Fighting broke out last night around the Vicente Calderón stadium in Madrid. 17 people were injured when the local Frente Atlético hooligans took on the Aberdeen fans before, during, and after the UEFA Cup game. There was some criticism about the light touch used by the Barcelona cops on the Glasgow Rangers supporters who came here a few weeks ago; the Rangers fans drank a lot, smashed a few bottles in the Plaza Catalunya, and urinated prodigiously in public. But there was no serious fighting or vandalism, and nobody got hurt. I thought it was pretty good police work, myself; the cops kept it under control but didn't interfere as long as there was no violence. And the public urination, which is nasty, could have been taken care of by putting up a few dozen portable toilets.

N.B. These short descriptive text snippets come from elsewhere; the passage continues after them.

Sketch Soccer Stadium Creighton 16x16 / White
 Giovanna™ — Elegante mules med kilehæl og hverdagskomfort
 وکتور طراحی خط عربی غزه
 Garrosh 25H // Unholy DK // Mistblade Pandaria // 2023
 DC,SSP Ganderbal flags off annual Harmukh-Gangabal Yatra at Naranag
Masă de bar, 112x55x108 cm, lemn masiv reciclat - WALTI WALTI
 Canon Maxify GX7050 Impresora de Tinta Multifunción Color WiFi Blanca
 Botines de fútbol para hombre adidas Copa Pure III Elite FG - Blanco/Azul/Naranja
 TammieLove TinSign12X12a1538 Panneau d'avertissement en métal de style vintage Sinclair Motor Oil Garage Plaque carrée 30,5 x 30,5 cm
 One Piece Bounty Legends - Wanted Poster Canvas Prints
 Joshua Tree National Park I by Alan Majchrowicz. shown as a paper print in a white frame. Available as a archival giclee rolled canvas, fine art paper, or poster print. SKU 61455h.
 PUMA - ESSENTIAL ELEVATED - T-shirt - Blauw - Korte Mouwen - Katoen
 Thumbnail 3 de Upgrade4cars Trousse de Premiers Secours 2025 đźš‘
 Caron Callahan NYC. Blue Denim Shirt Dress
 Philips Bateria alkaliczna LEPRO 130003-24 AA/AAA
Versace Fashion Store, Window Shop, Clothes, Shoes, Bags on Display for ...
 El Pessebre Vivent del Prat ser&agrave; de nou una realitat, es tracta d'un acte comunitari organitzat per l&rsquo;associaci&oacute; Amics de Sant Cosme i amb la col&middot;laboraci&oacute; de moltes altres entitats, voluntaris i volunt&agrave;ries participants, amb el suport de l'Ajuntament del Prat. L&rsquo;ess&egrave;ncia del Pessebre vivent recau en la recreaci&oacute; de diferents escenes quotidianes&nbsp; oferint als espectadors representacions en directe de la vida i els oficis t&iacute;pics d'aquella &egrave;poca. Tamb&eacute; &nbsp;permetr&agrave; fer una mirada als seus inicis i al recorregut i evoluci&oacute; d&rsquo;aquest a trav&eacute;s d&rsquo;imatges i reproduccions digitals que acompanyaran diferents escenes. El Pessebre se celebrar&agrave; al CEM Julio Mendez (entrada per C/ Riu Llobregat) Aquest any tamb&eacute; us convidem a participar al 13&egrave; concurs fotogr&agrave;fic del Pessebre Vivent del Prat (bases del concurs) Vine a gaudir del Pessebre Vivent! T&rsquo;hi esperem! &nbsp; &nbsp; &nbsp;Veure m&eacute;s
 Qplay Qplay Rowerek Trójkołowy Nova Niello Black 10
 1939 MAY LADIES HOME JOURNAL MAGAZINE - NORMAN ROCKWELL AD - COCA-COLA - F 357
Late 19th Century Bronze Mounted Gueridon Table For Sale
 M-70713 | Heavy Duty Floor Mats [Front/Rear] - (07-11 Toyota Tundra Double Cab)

Thursday, November 29, 2007

This is interesting. Check this out. They found a huge trove, literally 100 times as large as a typical discovery, of dinosaur bones, while working on the high-speed train line between Madrid and Valencia.
Other news from round here: Inflation over the last 12 months, November to November, is 4.1%; half a point of that is in the last month, with a 5% increase on packaged foods. Econ minister Solbes says inflation will continue to rise over the next several months, effectively devaluing the currency.

Meanwhile, in September 2007 the number of new mortgages taken out in Catalonia declined 26% over September 2006. I think it's safe to say that the bubble has burst. In Spain as a whole, the number of new mortgages declined 10% over that period.

They did an international education study called the PISA 2006 report in 57 countries. They tested scientific knowledge, reading comprehension, and mathematics, and Spain did lousy. The United States didn't do any better. Finland came out on top, with 563 points, followed by Hong Kong with 542 and Canada with 534. Germany was 10th with 516, France was 21st with 495, the US was 24th with 489, Spain was 26th with 488, and Italy was 30th with 475. Mexico got 410, and Brazil 390. Within Spain, Castile-Leon scored highest with 520, Catalonia got 491, and Andalusia was at the bottom with 474.

I know how to fix the educational system. First, blow up all the education departments at every university in the country, and mercilessly liquidate the professoriate while hurling all education textbooks into enormous bonfires. And dancing the Carmagnole. Then savagely purge the teaching staffs of every school of all teachers who don't score an IQ of 90, which is about half of them. K mart is hiring, people, better get down there. Then double teacher salaries and only hire new staff with real college degrees. Then, lower the working age to 14. Allow alleged students to drop out then, or go to vocational school. Get the ones who don't want to be there, which is half of them, out of the academic schools.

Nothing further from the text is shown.